Copy every record word for word. Pictures are not part of the copy.

------------------------------------------------

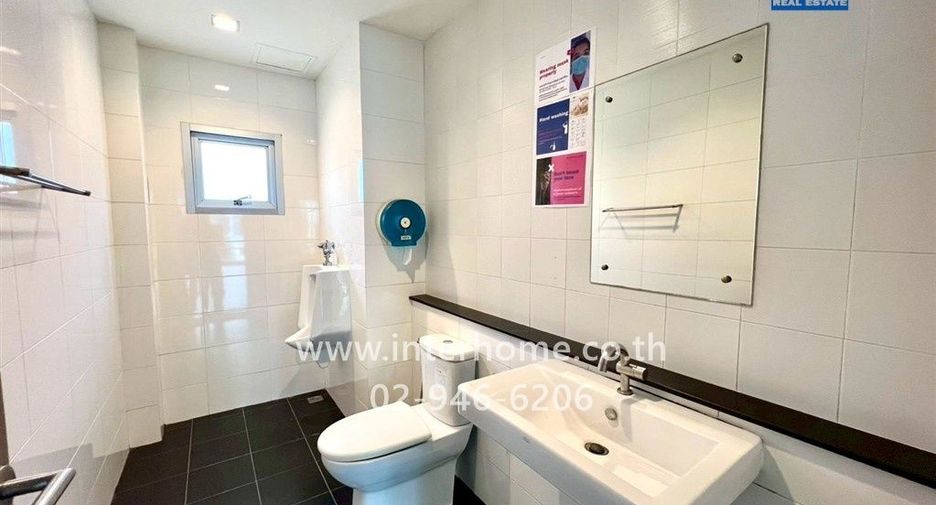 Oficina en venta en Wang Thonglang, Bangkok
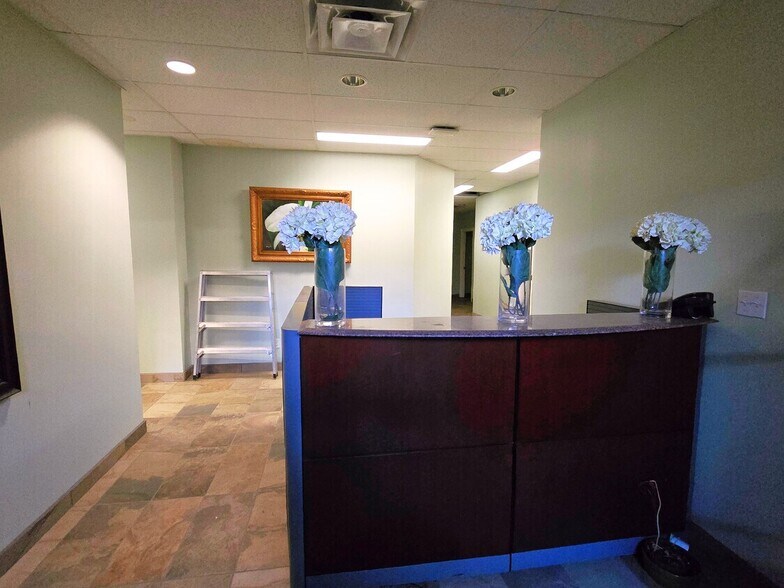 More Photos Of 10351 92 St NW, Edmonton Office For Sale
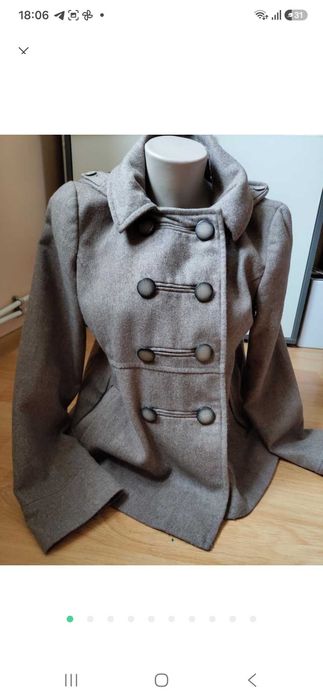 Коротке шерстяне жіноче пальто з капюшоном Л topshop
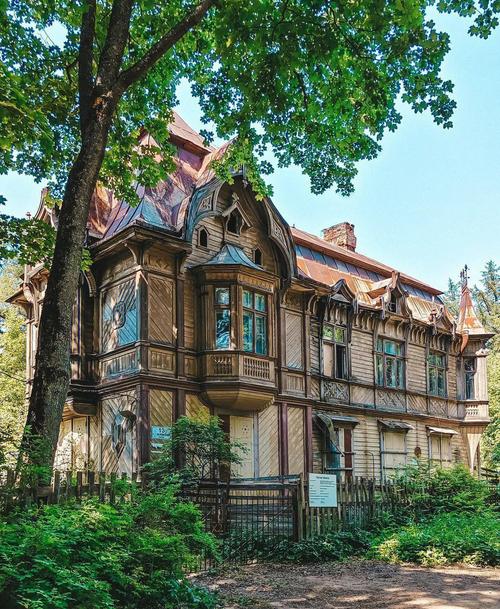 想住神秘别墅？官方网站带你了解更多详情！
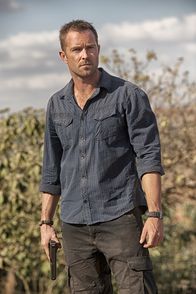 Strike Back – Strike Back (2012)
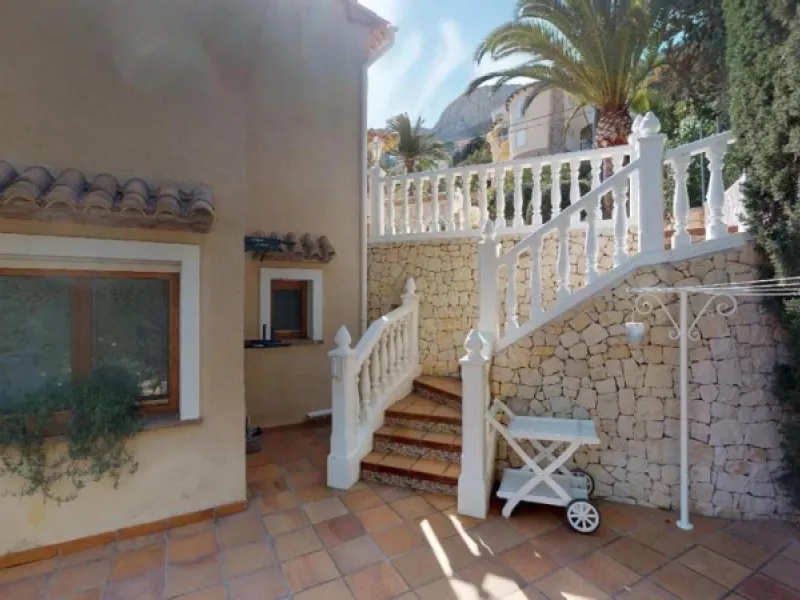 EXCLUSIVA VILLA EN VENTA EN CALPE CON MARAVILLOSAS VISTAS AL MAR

------------------------------------------------

Result below >>
 Oficina en venta en Wang Thonglang, Bangkok
 More Photos Of 10351 92 St NW, Edmonton Office For Sale
 Коротке шерстяне жіноче пальто з капюшоном Л topshop
 想住神秘别墅？官方网站带你了解更多详情！
 Strike Back – Strike Back (2012)
 EXCLUSIVA VILLA EN VENTA EN CALPE CON MARAVILLOSAS VISTAS AL MAR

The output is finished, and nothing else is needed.